Jimmy Lin and Boris Katz
MIT Artificial Intelligence Laboratory
Question answering systems have become increasingly popular because they deliver users short, succinct answers instead of overloading them with a large number of irrelevant documents. The vast amount of information readily available on the World Wide Web presents new opportunities and challenges for question answering. Question answering systems should benefit from the tremendous amount of useful knowledge, and at the same time, they must cope with large volumes of useless data.
Many characteristics of the World Wide Web distinguish Web-based question answering from question answering on closed corpora such as newspaper texts. The Web is vastly larger in size and boasts incredible "data redundancy," which is amenable to data mining approaches for answer extraction. Surprisingly, a data-driven approach utilizing statistical techniques can yield high levels of performance and nicely complement traditional linguistically-informed question answering technology. The Web also contains pockets of structured and semistructured knowledge that can serve as a valuable resource for question answering.
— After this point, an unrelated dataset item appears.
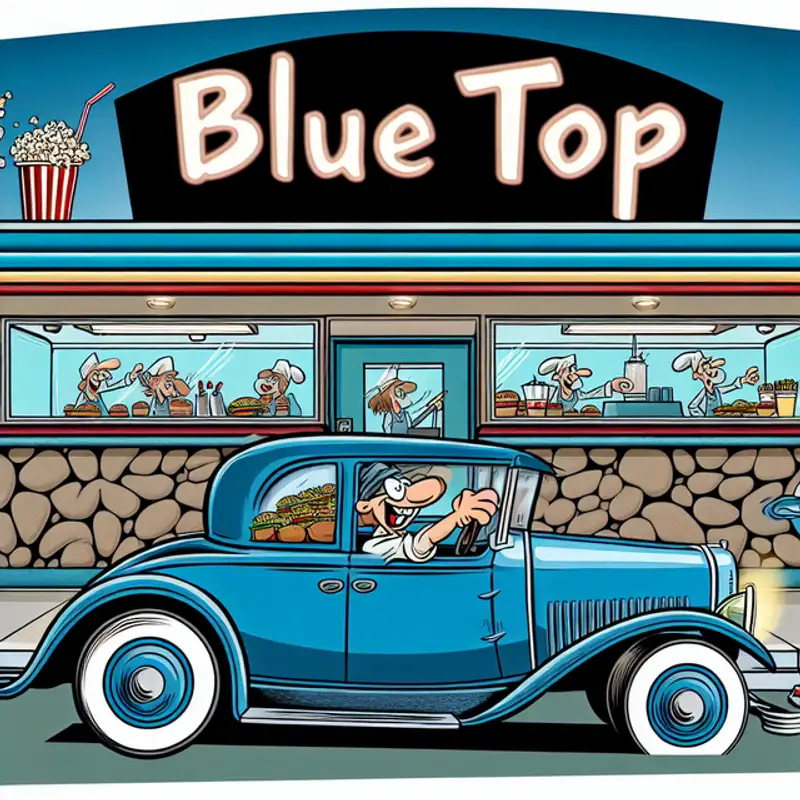 Nostalgia on Wheels: A Journey to the Heart of the Blue Top Drive-In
By organizing these resources and annotating them with natural language, we can successfully incorporate Web knowledge sources into question answering systems.
This tutorial will survey recent Web-based question answering technology, focusing on two separate paradigms: knowledge mining using statistical tools and knowledge annotation using database concepts. Both approaches can employ a wide spectrum of techniques ranging in linguistic sophistication from simple "bag-of-words" treatments to full syntactic parsing.